A Feira do Livro de Frankfurt é um lugar de livres palavras: na sua abertura, o ministro federal das Relações Externas Heiko Maas defendeu que se permita tranquilamente mais discordâncias.
Permitam-me que, durante os próximos dez minutos, me dispa do cargo de Ministro de Relações Externas e que me dirija aos senhores a título pessoal. Como um entre 82 milhões de cidadãs e cidadãos deste país. Como um de entre cinco bilhões de leitores em todo o mundo. E como alguém que reflete sobre o rumo que a nossa sociedade está tomando. Uma sociedade que cada vez menos dispensa o adjetivo “digital”. Fala se da “era digital”, da “revolução digital”. Não é para menos. A digitalização há muito que afeta todos os aspectos da nossa realidade: a forma como aprendemos e trabalhamos, como lemos e comunicamos, como travamos amizades, vivemos e amamos. E tal como qualquer transformação profunda, põe em causa a velha ordem e obriga-nos a encontrar uma ordem nova. “Create your revolution” não é apenas um apelo à transformação, mas antes um apelo para criar esta mesma ordem nova!
Ânsia de participação
E deixem-me dizer: é revelador da modernidade da Casa Real norueguesa que Suas Altezas Reais estejam sentadas na primeira fila de um evento, no qual o lema “Create your revolution” está escrito na parede em letras garrafais. Altezas, outras majestades bem podiam seguir o vosso exemplo!

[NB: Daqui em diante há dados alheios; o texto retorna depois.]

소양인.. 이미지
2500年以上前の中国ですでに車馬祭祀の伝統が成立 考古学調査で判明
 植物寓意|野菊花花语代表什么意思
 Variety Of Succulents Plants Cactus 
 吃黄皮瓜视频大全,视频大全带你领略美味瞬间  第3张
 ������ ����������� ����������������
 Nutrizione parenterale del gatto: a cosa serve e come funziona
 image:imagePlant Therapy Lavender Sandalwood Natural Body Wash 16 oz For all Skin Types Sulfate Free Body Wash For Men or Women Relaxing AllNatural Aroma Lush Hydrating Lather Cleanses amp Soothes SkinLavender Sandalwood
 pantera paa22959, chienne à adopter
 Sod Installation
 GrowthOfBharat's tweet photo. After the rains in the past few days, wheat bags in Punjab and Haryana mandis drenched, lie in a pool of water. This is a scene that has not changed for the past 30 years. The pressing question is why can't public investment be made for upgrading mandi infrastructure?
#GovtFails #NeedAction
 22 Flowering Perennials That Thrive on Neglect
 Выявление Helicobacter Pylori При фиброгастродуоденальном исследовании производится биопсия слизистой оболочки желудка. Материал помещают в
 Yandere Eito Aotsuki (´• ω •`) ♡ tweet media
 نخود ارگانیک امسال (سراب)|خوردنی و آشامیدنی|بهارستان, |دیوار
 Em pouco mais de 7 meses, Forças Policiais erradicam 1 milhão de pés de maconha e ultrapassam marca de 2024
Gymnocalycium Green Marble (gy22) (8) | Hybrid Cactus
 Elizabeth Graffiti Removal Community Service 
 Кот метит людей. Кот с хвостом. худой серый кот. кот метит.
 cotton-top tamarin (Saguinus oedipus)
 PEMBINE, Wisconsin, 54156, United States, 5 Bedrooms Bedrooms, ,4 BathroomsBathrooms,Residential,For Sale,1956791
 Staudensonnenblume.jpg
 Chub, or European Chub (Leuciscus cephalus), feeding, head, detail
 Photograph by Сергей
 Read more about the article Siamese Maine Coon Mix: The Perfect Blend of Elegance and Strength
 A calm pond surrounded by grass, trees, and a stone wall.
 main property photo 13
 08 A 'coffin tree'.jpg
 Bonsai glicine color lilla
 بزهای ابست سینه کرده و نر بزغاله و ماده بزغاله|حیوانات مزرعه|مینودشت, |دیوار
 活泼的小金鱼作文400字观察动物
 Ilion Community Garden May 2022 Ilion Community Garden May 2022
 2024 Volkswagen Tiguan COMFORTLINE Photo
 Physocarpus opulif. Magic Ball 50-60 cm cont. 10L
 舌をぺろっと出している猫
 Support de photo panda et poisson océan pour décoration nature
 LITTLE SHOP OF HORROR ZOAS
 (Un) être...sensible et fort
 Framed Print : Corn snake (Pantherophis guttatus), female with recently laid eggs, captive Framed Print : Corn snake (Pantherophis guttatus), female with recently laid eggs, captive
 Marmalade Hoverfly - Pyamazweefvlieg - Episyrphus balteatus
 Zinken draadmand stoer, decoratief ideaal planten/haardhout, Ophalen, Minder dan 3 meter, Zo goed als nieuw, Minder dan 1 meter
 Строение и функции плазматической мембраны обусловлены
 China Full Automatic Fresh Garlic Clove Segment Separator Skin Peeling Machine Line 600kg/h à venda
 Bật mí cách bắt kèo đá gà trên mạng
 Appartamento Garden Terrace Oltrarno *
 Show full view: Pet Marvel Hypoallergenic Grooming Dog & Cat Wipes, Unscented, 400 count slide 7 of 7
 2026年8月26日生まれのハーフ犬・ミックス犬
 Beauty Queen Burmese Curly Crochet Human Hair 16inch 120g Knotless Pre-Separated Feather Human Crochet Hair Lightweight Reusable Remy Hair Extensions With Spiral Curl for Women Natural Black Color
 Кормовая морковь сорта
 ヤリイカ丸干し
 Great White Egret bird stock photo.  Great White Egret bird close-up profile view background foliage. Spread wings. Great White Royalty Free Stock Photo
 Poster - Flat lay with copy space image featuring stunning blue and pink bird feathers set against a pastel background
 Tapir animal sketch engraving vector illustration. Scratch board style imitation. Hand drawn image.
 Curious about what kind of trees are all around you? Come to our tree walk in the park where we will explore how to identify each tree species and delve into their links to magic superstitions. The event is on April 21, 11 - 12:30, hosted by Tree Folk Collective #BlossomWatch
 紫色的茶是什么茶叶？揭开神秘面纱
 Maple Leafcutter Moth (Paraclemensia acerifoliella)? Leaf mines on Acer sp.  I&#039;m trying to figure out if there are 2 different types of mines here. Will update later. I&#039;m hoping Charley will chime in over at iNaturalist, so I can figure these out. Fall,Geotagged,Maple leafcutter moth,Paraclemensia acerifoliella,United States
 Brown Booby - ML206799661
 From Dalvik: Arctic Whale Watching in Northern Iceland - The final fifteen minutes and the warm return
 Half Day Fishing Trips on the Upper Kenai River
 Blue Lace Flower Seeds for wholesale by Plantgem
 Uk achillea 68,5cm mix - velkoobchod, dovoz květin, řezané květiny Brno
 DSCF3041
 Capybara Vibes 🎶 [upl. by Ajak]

A digitalização traz enormes oportunidades no que diz respeito ao conhecimento, ao envolvimento, à transparência e também à participação. Ainda há poucas semanas, encontrei-me no Sudão com jovens que tinham saído à rua em protesto contra o regime de al Bashir. Sem o poder das redes sociais, a sua revolução pacífica teria provavelmente terminado na rua ou talvez até na prisão – mas seguramente não nos edifícios governamentais de Cartum, onde agora se encontram.
Então, por que é que temos cada vez mais a sensação de que precisamente nós, os filhos da revolução digital nas sociedades ocidentais, seremos os primeiros a serem engolidos por ela? Penso que tem a ver com as bolhas, que não auguram nada de bom não apenas nos mercados de ações e imobiliários. São a outra face da revolução digital. É que grandes mudanças despertam também a ânsia de reconhecimento e participação. Na definição de fronteiras, que até certo ponto sempre implica também, em maior ou menor medida, a exclusão de outros. Em verdades absolutas. E, apesar do seu nome, também as redes ditas “sociais” reforçam essa tendência. Porque reduzem a realidade complexa a meros “slogans”. Porque não deixam margem para ambiguidades, para as diferentes facetas da vida. E quem se beneficia disso são aqueles que têm sempre as respostas mais simples, mais curtas e mais rápidas, apesar de saberem que o mundo lá fora não cabe nos 280 caracteres do Twitter.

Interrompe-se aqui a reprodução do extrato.